Ironically CSS supports @import natively since at least 15 years. But until the invention of preprocessors like SASS and LESS it was almost useless. And even with preprocessors, the @import rule is still lacking functionality.

  1. Multiple imports of the same file
    Preprocessors do import a file multiple times when they encounter the same @import rule multiple times in the code, which leads to code duplication.
  2. Importing only specific selectors
    In the front-end world every byte matters and therefore it is quite costly to @import a complete package if you just need one class from it.
  3. Selectors should match the projects naming convention
    If you use a third party CSS package, you do not want to end up with a mixture of different naming conventions for CSS selectors.

For my idea of how avalanche 4.x.x should work, I needed a solution for those three problems. Thats why I built node-sass-magic-importer, a custom node-sass importer.

Standalone packages

What really bothered me with version 3.x.x was that all the packages still depended on the core avalanche package. With version 4.x.x packages are built in a way so that they can work standalone.

Packages are now way less configurable but thanks to the node-sass-magic-importer most of the configuration options aren’t necessary anymore. Instead of controlling the output of packages with variables, the user can import only the selectors he or she needs from the package.

// Importing only specific selectors from an avalanche 4.x.x package.
@import '{ .u-width-12/12, .u-width-4/12@m } from ~@avalanche/utility-width';

// Replace selectors to match the projects naming convention.
@import '{ .u-width-6/12 as .half-width } from ~@avalanche/utility-width';


Splitting packages in separate git repositories was a nice idea but it led to a lot of code duplication and overall more maintenance work.

Some big open source projects recently made the switch to a monorepo structure (e.g.

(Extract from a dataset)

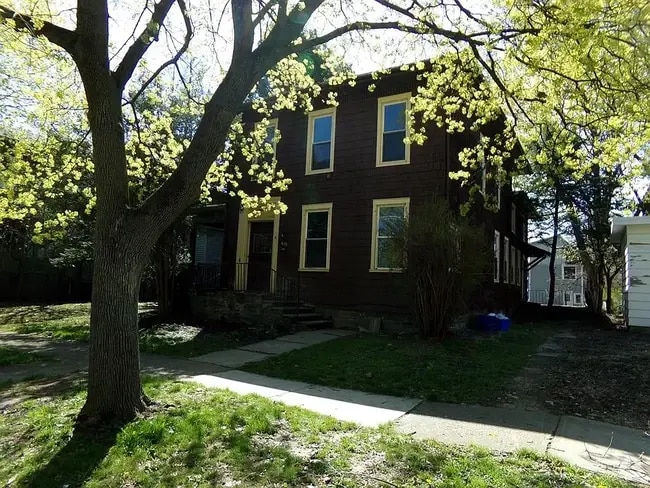 Building Photo - 405 W Clinton St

Babel). At first it really seems counter intuitive to make a monorepo for building a package based CSS framework.

Using packages is easier when they are tiny and easy to understand without having to know anything about the code but building them is much more painless if you can see the big picture. Thinking about it that way, supports the case for a monorepo approach.


Being an open source maintainer really made me fall in love with automated testing. Without tests you can’t be sure if a bugfix or a new feature didn’t break something in your project. You live in constant fear that, after a new release, bug report notifications flood your inbox.

Although automated tests are not a huge thing in the CSS world, I really wanted to have a system in place to prevent me from releasing faulty code.

Every avalanche 4.x.x package comes with it’s own regression tests and a new release is only created if all the packages pass their tests. BackstopJS is used to run the tests.


For now I’m quite happy with the latest release of avalanche. I made the packages work standalone, optimized the development process by using a monorepo approach and made development less fragile by adding regression tests.

I do not expect for avalanche to be the next Bootstrap or even to be used by many people. Although what I hope for is, that other people keep working on better ways of building design systems with CSS and that avalanche may serve as an inspiration for some of those people.